A neuropsychological evaluation also showed lower cognitive and intellectual abilities than would be necessary to work as a software engineer.

Although Reliance obtained an independent medical evaluation during the course of the claim, the court found the results did not support the benefit denial since the examiner did not render an opinion as to whether Lesser was capable of working as a software engineer.

Instead, the examiner reported, “[i]t may be that his former occupation of being a software engineer would be impossible to him, but I suspect that there are many other sorts of occupations that he could do.”

The definition of “disabled” was occupation-specific, though, which led the court to conclude: “The [p]laintiff’s hypothetical ability to work at some other occupation has no bearing on whether he can perform the duties of a software engineer.”

The court also found Reliance misapplied plan requirements by rejecting Lesser’s claim due to the absence of a determination as to the etiology of his symptoms. The court explained: “But the [p]lan requires satisfactory proof of disability, not etiology. A claimant establishes eligibility under the [p]lan terms by proving that he cannot perform the material duties of his regular occupation, not by identifying the root cause of his illness.”

The court went even further by observing: “It is neither wrong nor unreasonable for a plan administrator to require objective medical evidence of disability, even where the plan documents do not specifically require it. It is wrong and unreasonable, however, to require the claimant to furnish proof of the root cause of his illness when it is not one that is easily diagnosed by objective tests and where there is no evidence that the claimant is malingering.”

“It is clear from the numerous diagnostic tests conducted by the [p]laintiff’s medical providers that hypersomnolence is a condition with many possible physiological causes- or, in the case of idiopathic hypersomnolence, no clear root cause at all. Moreover, there is no evidence in the record to suggest that the [p]laintiff was malingering. The [d]efendant’s inappropriate focus on etiology was therefore arbitrary and capricious.”

The court also held that Reliance Standard’s arbitrariness was demonstrated by its selective review of the evidence and due to either misinterpretation or mischaracterization of medical findings. The court explained a plan administrator’s discretion is not unfettered and plan administrators “are not free to rely on selective or self-serving interpretations of the medical evidence that are not supported by the record.”

On a similar note, the court faulted Reliance for disregarding critical objective evidence such as the functional capacity evaluation.

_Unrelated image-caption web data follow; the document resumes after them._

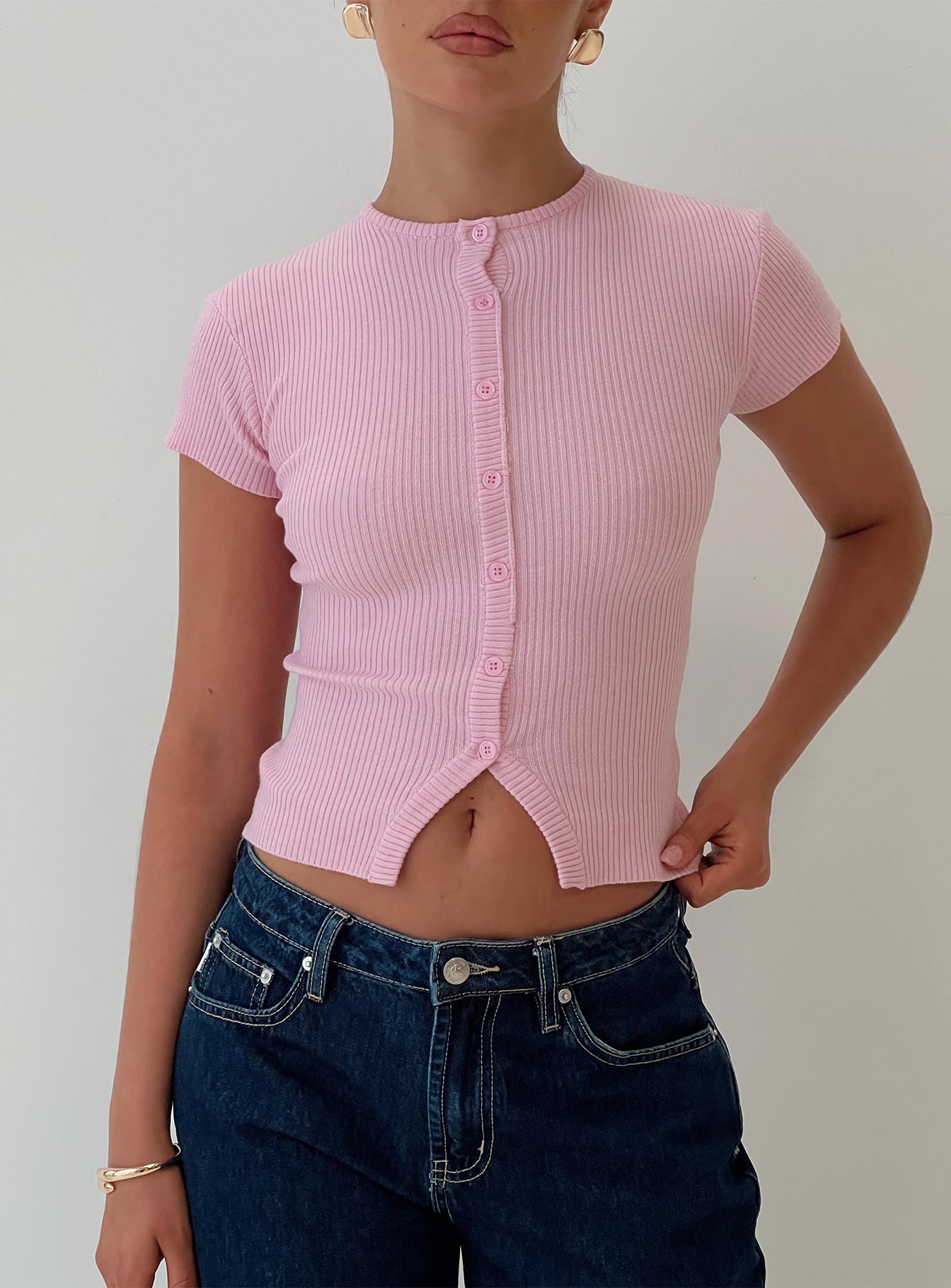 Suzu Knit Top Pink | Princess Polly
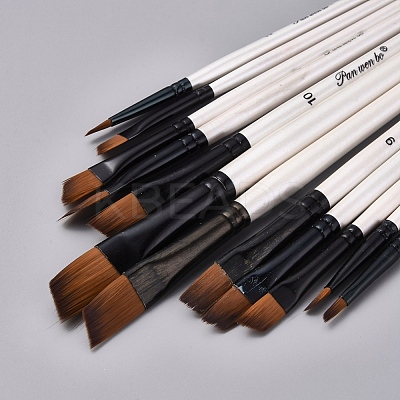 Wood Handle Paint Brushes Set TOOL-L006-05-1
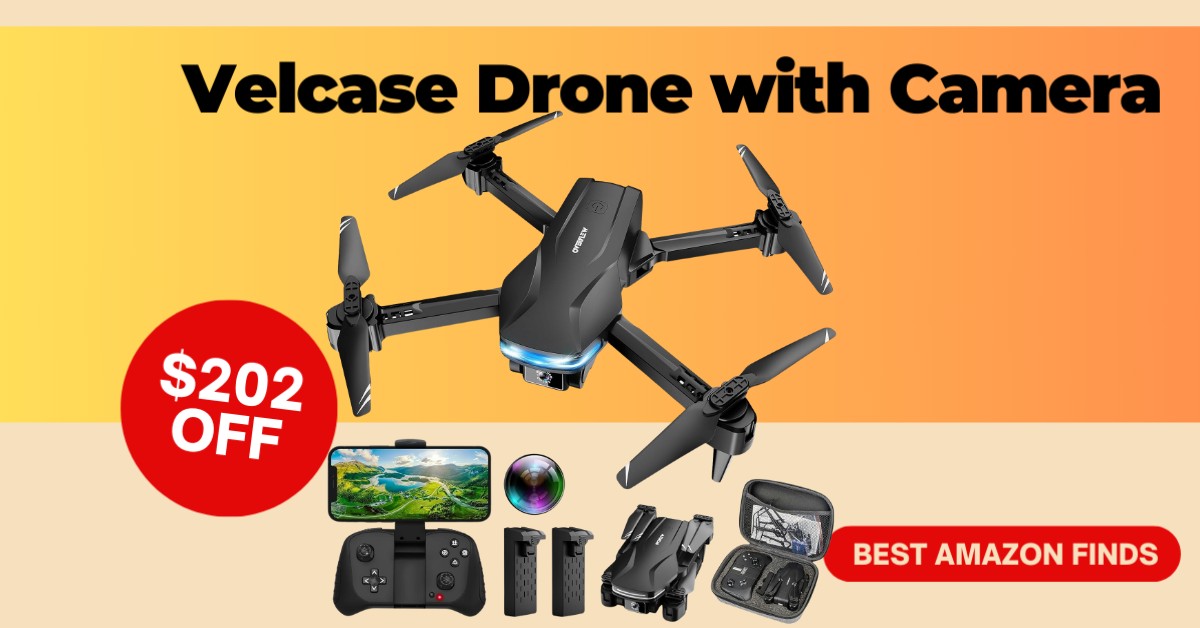 Velcase Drone with Camera - NOW $202 Discount!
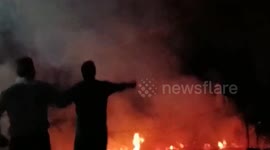 Israeli Settlers Set Fire to Homes and Vehicles in Bruqin, West Bank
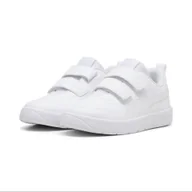 Buty dla dziewczynek - Dziecięce sneakersy Courtflex V3 PUMA White Silver Mist Gray - miniaturka - grafika 1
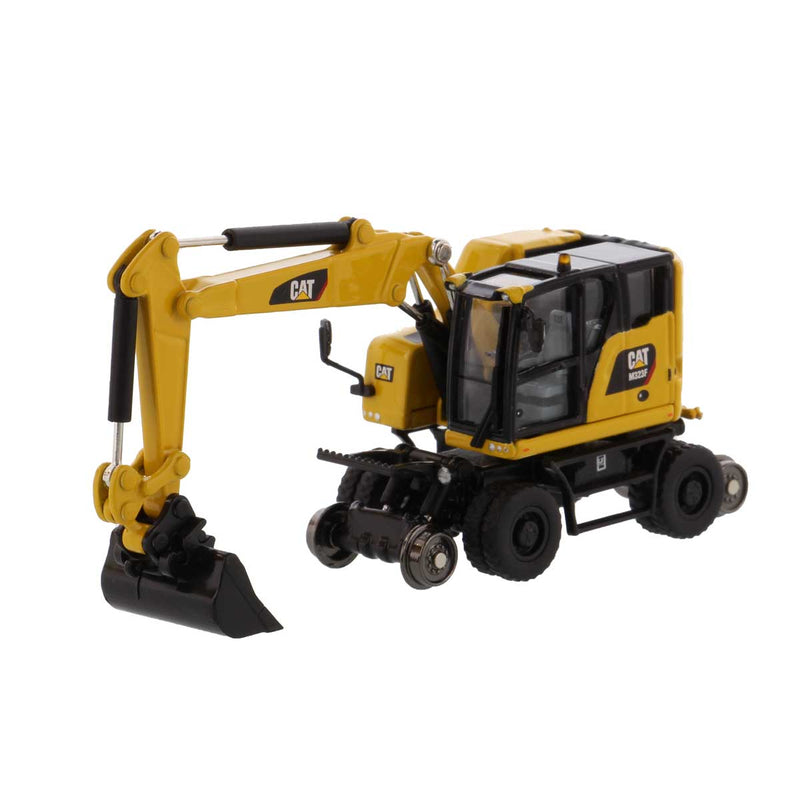 1/87 Caterpillar M323F Railroad Wheeled Excavator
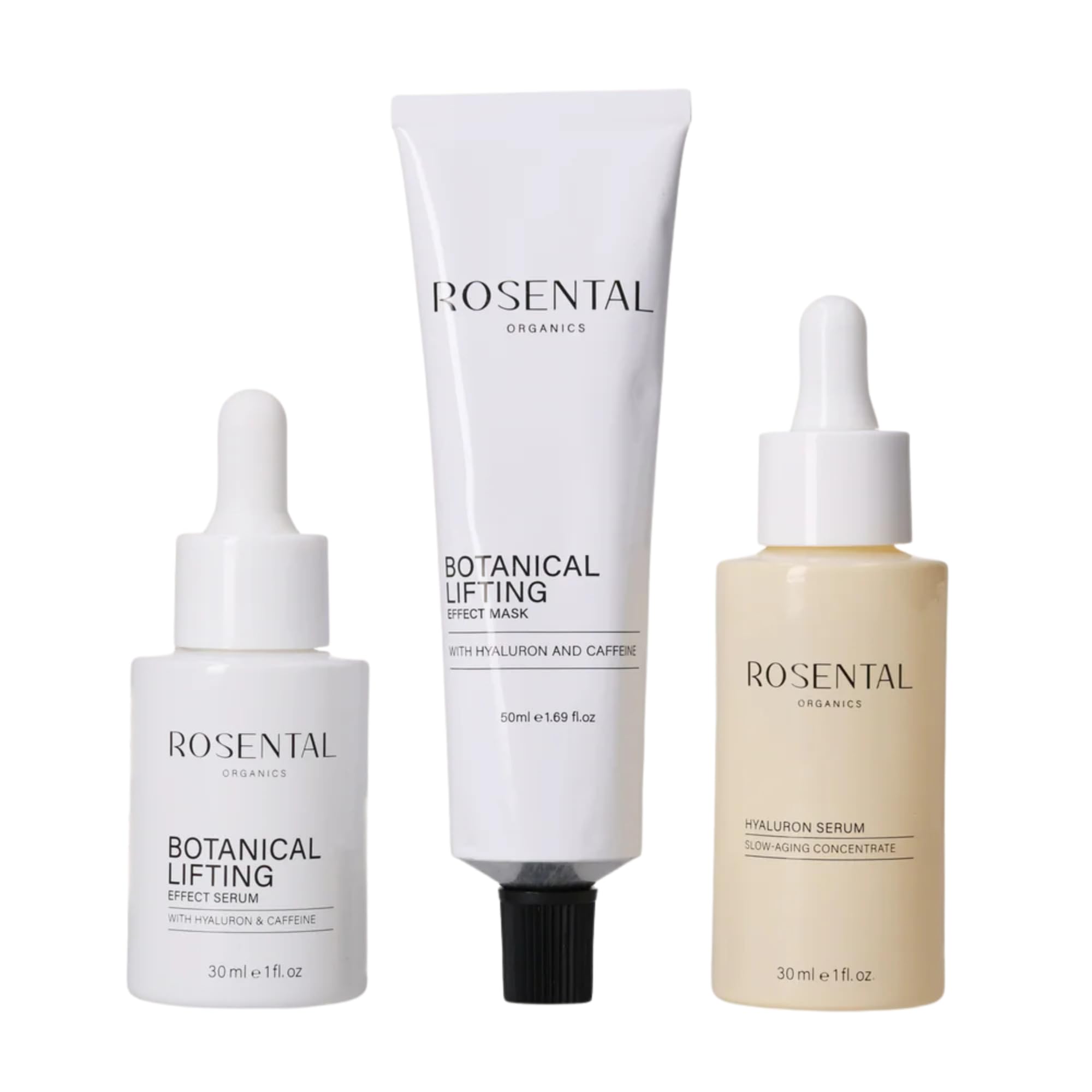 ROSENTAL ORGANICS Natural Botanical Lifting Effect Serum mit Hyaluron und Koffein Anti Falten Gesichtspflege - Hyaluronsäure-Gesichtsserum - Feuchtigkeitsserum - Anti-Aging Naturkosmetik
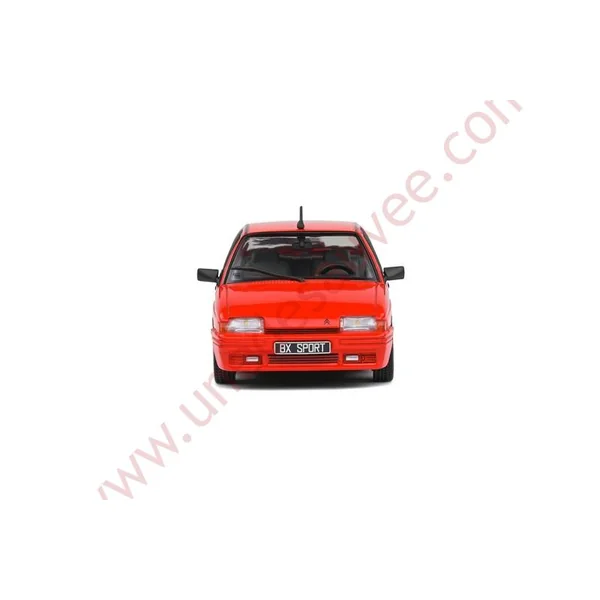 CITROEN BX 1.9 SPORT ROUGE FEU 1985 1/43 VOITURE MINIATURE SOLIDO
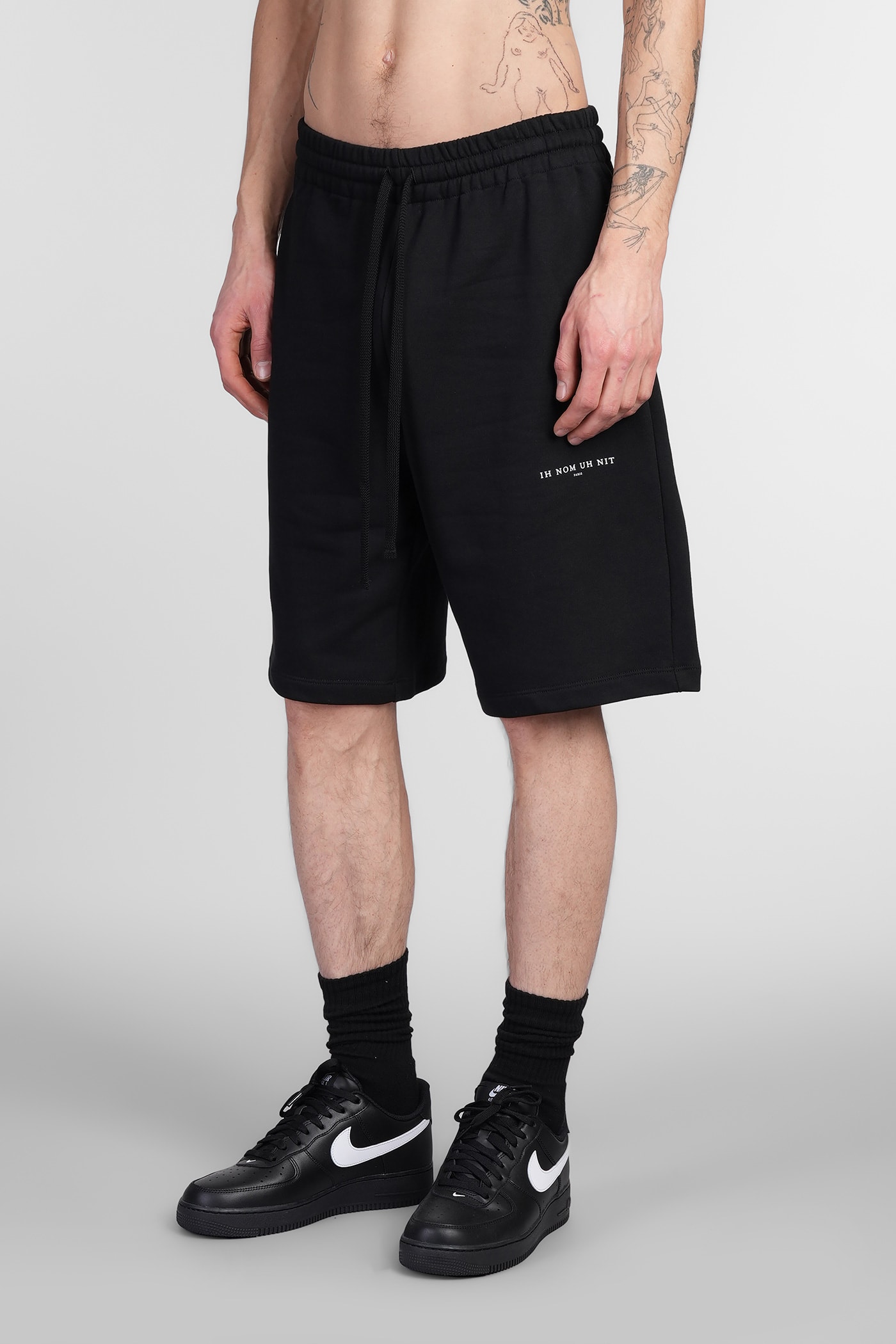 Ih Nom Uh Nit Shorts In Black Cotton In Black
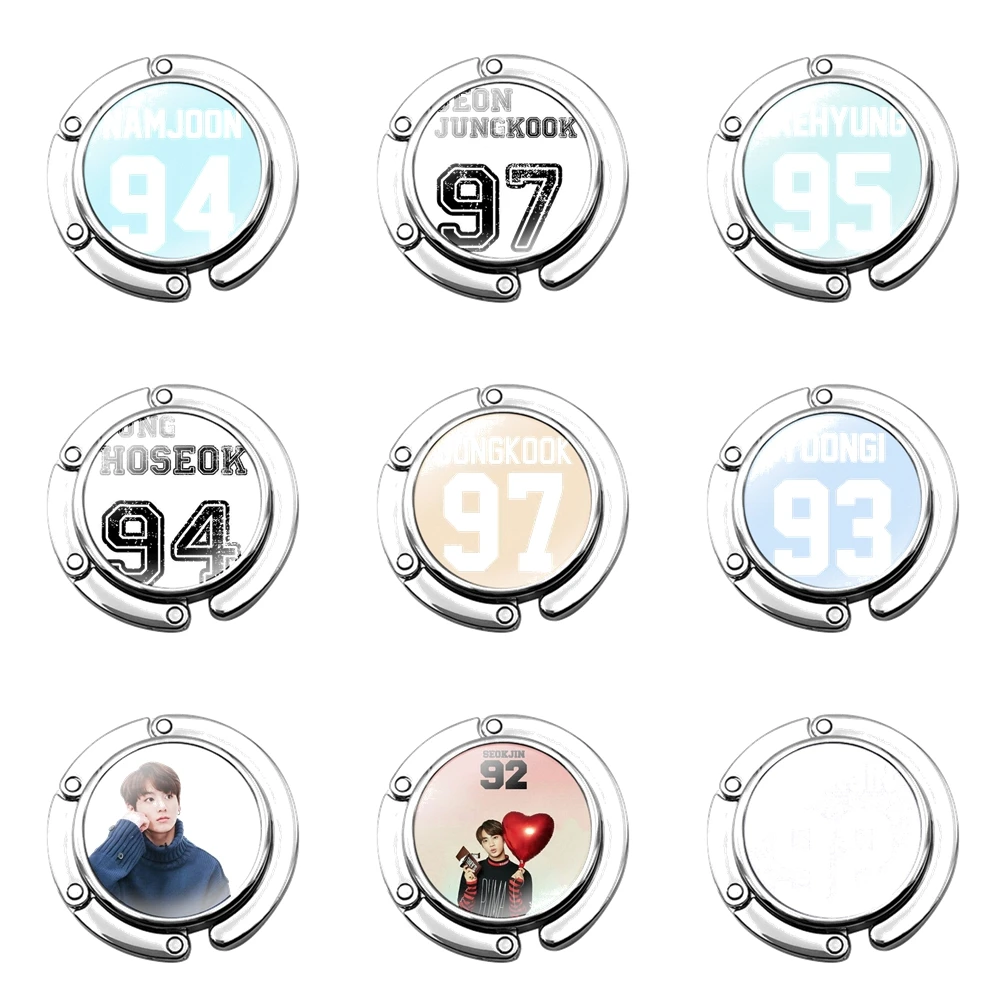 

Foldable Purse Hook for Women's Table Handbag Storage Folding Decor Table Hook Gift Funny Cute TS jersey Jungkook jhope jimin T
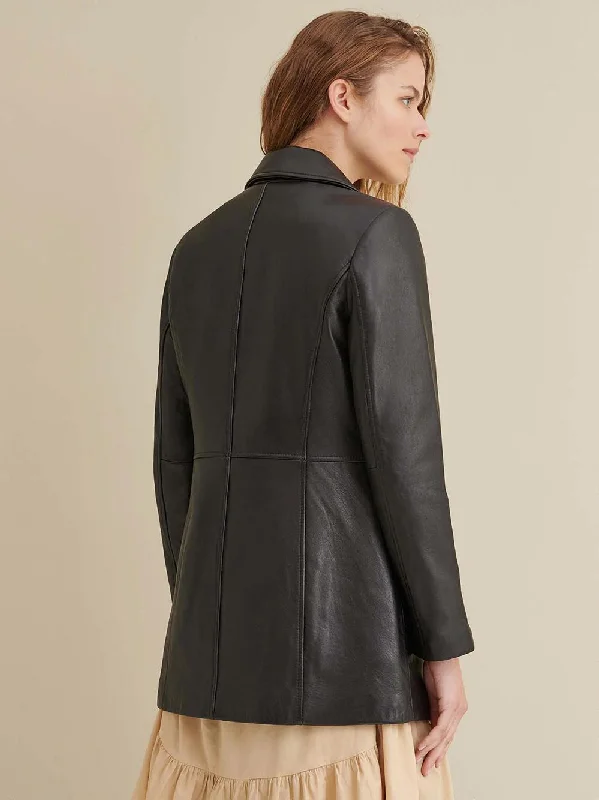 Charlotte Thinsulate Leather Car Coat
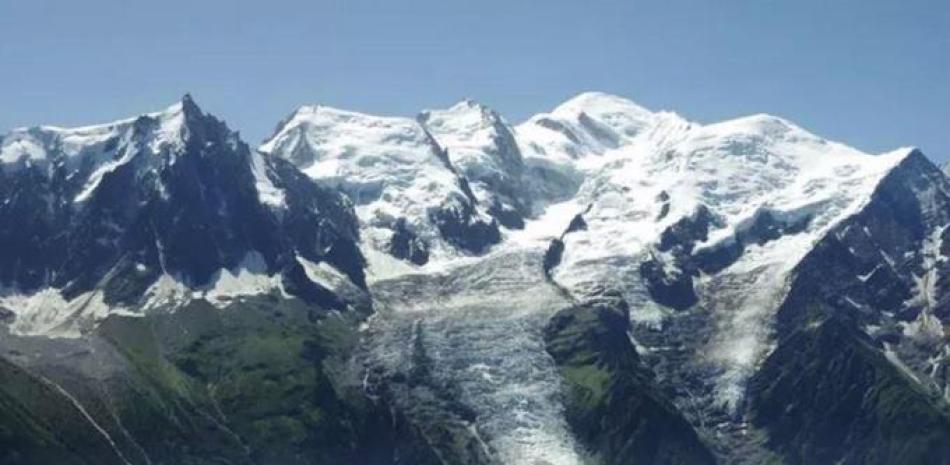 Glaciares en el Mont Blanc. Europa Press
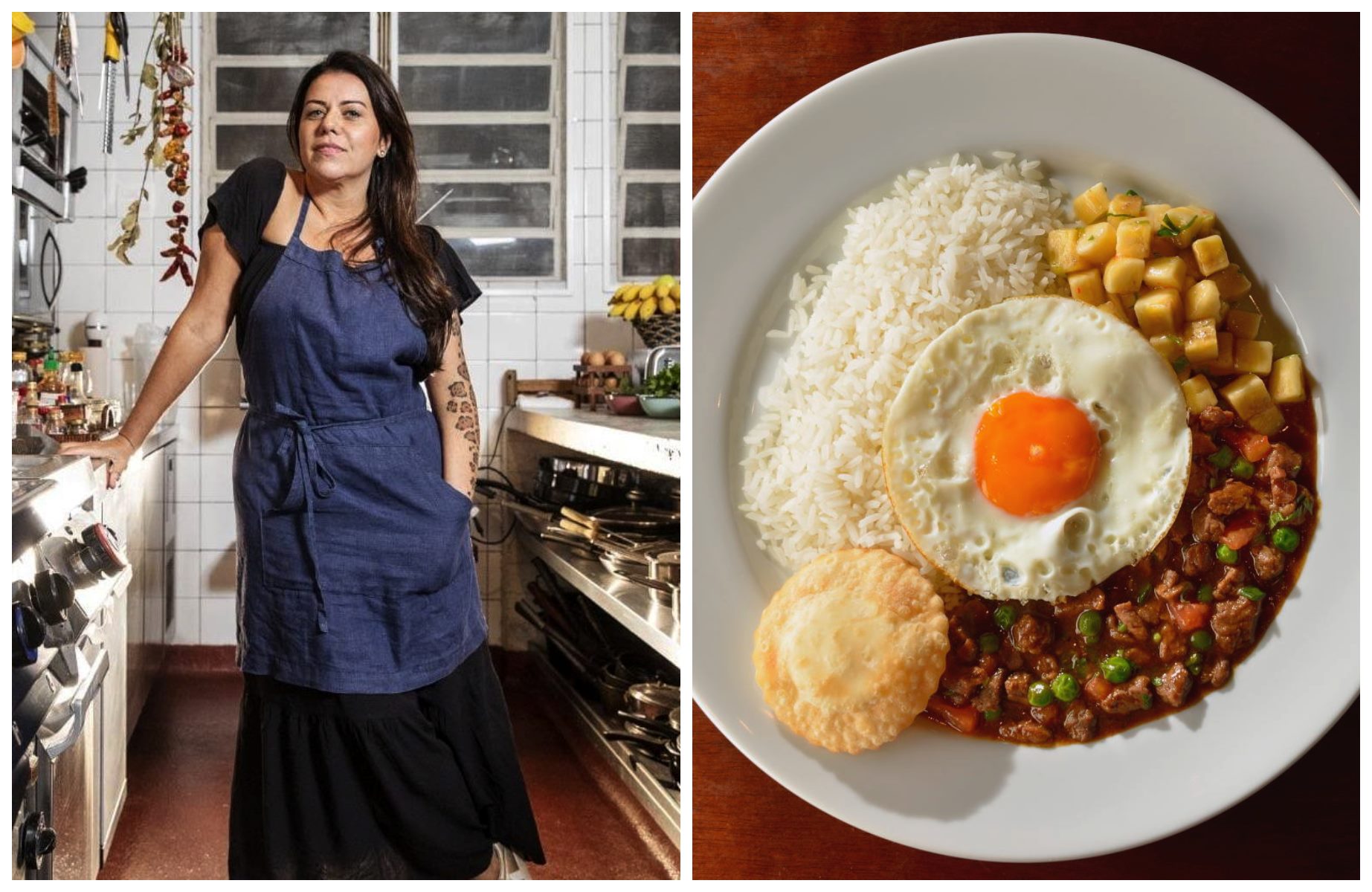 Janaína Torres, do Bar da Dona Onça, mergulhou nos pratos da cozinha popular doméstica, como o picadinho, e mostrou que eles também pertencem às mesas dos restaurantes. © Eduardo Knapp; Mauro Holanda/Bar da Dona Onça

Based on its assessment of the case, the court ordered Reliance Standard to pay benefits through the date of the judgment since “the record is complete and neither party has put forward evidence that was unavailable to the [d]efendant at the time that it made its benefits determination.”

This is an important case to keep at hand. The court made two key points that, while not original, bear repeating. First, the nonphysical aspects of a claimant’s occupation have to be taken into consideration; and second, a claimant is not required to prove the etiology of his or her impairment.

Obviously, for a policy that measures disability against a claimant’s ability to perform the duties of a particular job, especially one that is cognitively demanding, an insurer disregards its obligations under the policy when it ignores all of the occupational requirements.

Nor is it fair to an insured to require a precise diagnosis. By its very nature, idiopathic hypersomnolence is a condition whose cause is unknown. Further, the evidence presented leaves no doubt that Lesser was indeed disabled.

This article was initially published in the Chicago Daily Law Bulletin.